__WHAT YOU HAVE TO DO__
Output exactly the span of lines beginning with the one that holds "Blue Yellow-backed Warbler" and ending with the last line of the data below.

__EXTRACTED RECORDS__
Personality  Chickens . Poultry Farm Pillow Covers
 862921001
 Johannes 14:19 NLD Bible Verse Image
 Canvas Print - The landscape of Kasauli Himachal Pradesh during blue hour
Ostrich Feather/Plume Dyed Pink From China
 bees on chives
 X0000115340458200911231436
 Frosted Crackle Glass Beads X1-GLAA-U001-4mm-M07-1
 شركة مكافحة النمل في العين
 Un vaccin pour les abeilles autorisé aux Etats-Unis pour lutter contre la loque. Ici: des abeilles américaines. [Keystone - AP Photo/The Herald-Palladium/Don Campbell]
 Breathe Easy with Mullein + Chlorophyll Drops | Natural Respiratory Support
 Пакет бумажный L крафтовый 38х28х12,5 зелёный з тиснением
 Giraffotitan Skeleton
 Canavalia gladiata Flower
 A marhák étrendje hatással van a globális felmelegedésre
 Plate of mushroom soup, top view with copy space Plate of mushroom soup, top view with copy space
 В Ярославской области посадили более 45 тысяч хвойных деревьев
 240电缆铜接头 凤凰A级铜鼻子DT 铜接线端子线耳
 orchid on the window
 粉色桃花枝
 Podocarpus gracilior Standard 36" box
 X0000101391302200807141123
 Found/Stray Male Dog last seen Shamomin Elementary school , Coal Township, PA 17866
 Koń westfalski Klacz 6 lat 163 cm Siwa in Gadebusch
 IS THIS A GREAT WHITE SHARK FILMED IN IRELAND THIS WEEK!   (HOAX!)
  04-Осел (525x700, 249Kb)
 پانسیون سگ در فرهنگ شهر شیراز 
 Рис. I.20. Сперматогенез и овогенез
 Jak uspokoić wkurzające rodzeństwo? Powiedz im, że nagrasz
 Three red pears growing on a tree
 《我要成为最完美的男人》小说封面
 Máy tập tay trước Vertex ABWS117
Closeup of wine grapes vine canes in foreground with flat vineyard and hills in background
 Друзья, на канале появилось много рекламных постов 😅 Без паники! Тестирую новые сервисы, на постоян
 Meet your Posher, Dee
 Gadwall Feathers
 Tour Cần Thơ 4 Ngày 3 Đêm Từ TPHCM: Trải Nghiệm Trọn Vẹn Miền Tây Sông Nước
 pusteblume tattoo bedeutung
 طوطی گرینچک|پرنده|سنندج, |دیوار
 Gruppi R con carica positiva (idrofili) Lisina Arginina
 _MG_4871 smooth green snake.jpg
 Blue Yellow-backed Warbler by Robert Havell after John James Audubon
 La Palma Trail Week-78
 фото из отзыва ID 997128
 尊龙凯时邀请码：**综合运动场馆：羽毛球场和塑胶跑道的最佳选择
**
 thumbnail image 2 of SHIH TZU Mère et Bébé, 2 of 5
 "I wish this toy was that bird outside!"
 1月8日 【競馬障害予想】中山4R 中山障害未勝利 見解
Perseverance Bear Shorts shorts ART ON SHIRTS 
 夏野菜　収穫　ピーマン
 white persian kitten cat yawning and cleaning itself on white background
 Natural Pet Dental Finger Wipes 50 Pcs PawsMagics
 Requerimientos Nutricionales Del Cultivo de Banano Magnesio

__COMPLETED EXERCISE__
 Blue Yellow-backed Warbler by Robert Havell after John James Audubon
 La Palma Trail Week-78
 фото из отзыва ID 997128
 尊龙凯时邀请码：**综合运动场馆：羽毛球场和塑胶跑道的最佳选择
**
 thumbnail image 2 of SHIH TZU Mère et Bébé, 2 of 5
 "I wish this toy was that bird outside!"
 1月8日 【競馬障害予想】中山4R 中山障害未勝利 見解
Perseverance Bear Shorts shorts ART ON SHIRTS 
 夏野菜　収穫　ピーマン
 white persian kitten cat yawning and cleaning itself on white background
 Natural Pet Dental Finger Wipes 50 Pcs PawsMagics
 Requerimientos Nutricionales Del Cultivo de Banano Magnesio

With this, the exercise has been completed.